Courageous Heroes
  1. Strand PHIL.II Philanthropy and Civil Society
    1. Standard PCS 01. Self, citizenship, and society
      1. Benchmark MS.4 Describe the characteristics of someone who helps others.
    2. Standard PCS 02. Diverse Cultures
      1. Benchmark MS.2 Describe the importance of hearing all voices in a community and respecting their right to be heard.
      2. Benchmark MS.3 Give an example of how philanthropy can transcend cultures.
  2. Strand PHIL.III Philanthropy and the Individual
    1. Standard PI 01. Reasons for Individual Philanthropy
      1. Benchmark MS.3 Identify and give examples of stewardship in cultural traditions around the world.
      2. Benchmark MS.4 Identify and describe the actions of how citizens act for the common good.
      3. Benchmark MS.5 Describe the responsibility students have to act in the civil society sector to improve the common good.

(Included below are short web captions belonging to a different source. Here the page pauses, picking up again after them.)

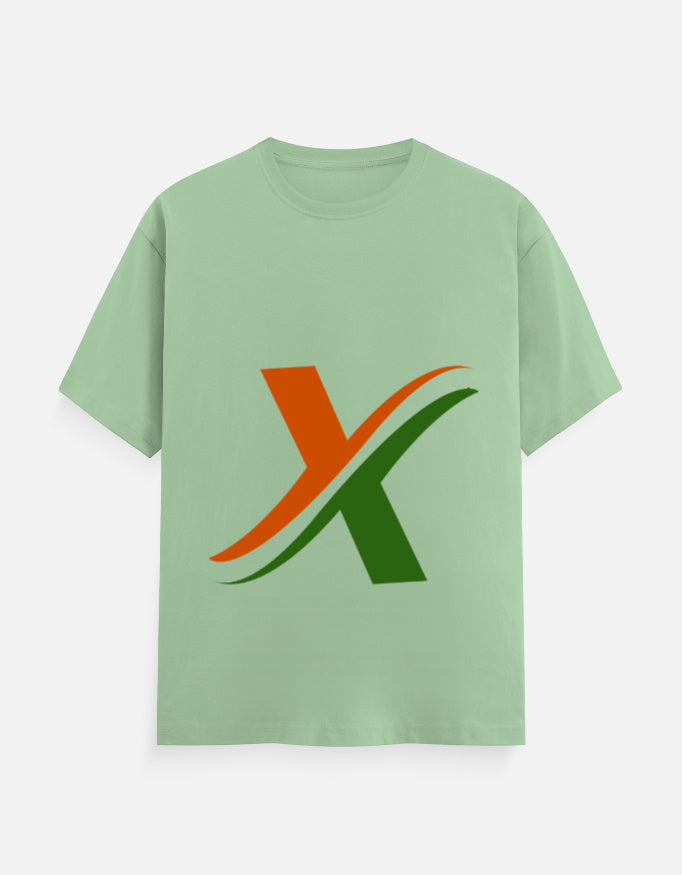 Front_1_c_57.jpg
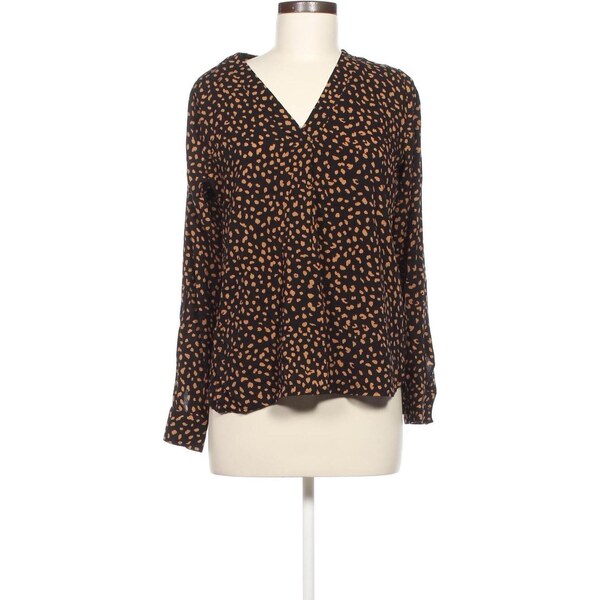 Dámska blúza Unbranded 65012825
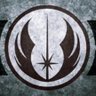 Фото профиля Luis Skywalker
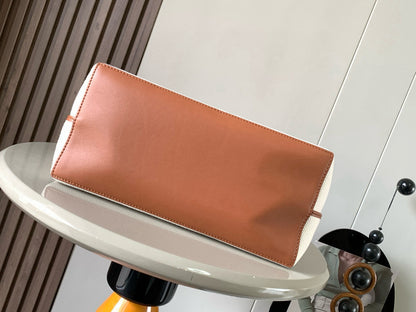 BAG-LW-381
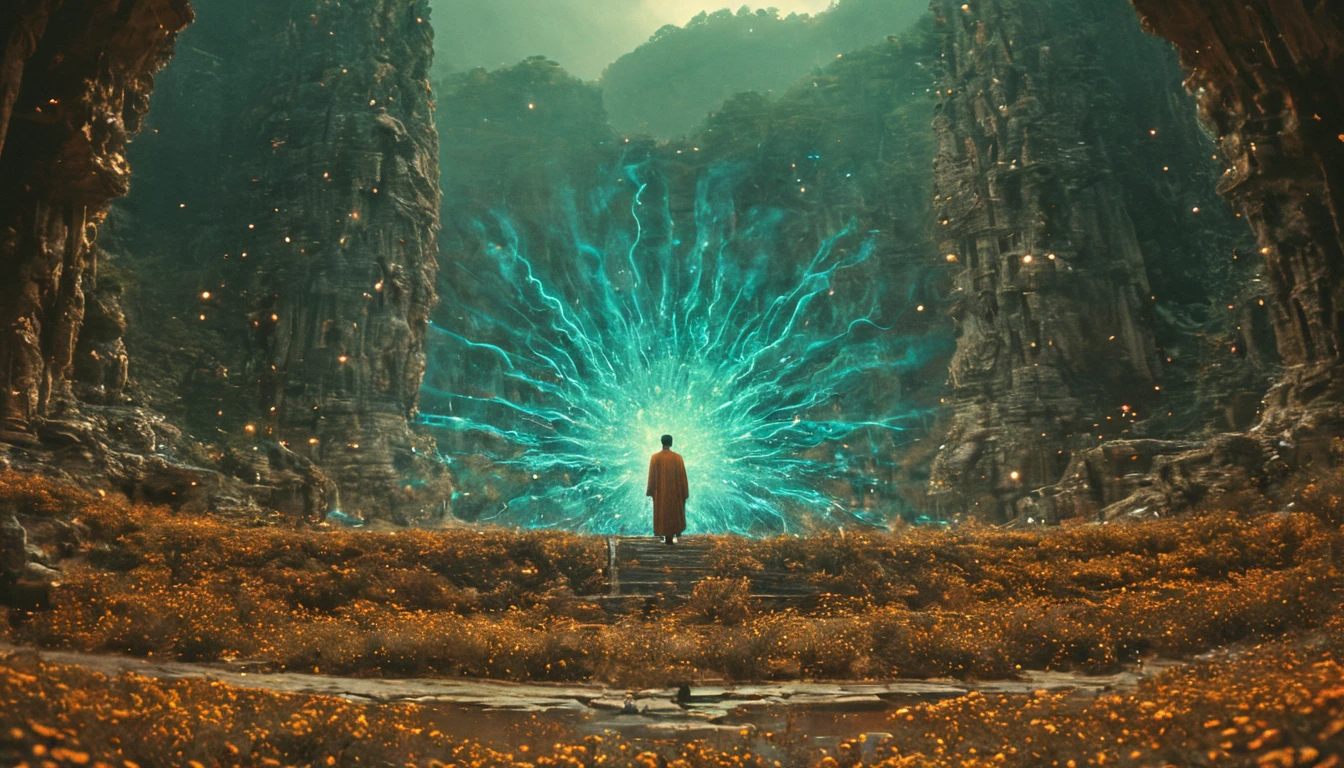 Что представляют собой эгрегоры, как они формируются и какое воздействие оказывают на нашу реальность?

The learners define courage and describe the identity of someone with courage. They describe courage with words that show what it is and what it isn't.

PrintOne 20-minute lesson

The learner will:

  • define courage.
  • describe courage by what it is and what it is not.
  1. Anticipatory Set:

    Using the strategy of "Think, Pair and Share," the learners reflect and discuss an example and traits of a hero.

    1. Think: Quietly, on your own, think about and choose a real or fictional character, someone you would call a hero. 
    2. Pair: Meet with one other person and each tell who you selected as an example of a hero and then discuss what behaviors and traits demonstrate the heroes' courage. 
    3. Share: As a whole group, brainstorm the traits of courage that came up in the "pair" discussions. Have someone record these on a chart or document. 
  2. Courage may be defined as bravery; the ability to confront fear or uncertainty.

  3. Draw a large T chart. Entitle the chart Courage. Label the left side of the chart "What it Is" Label the right side of the chart "What it Is Not." Ask the learners to suggest words or phrases to fill in each of the sections. Encourage them to think of what courage might look like, sound like, and feel like.

  4. Ask the learners to return to their original "pair" groups to write an acrostic (a poem using the letters of a word as the first letter of each line of the poem) for the word "courage." They use the information generated during the brainstorming and discussions. Post the acrostics in the room for all to see.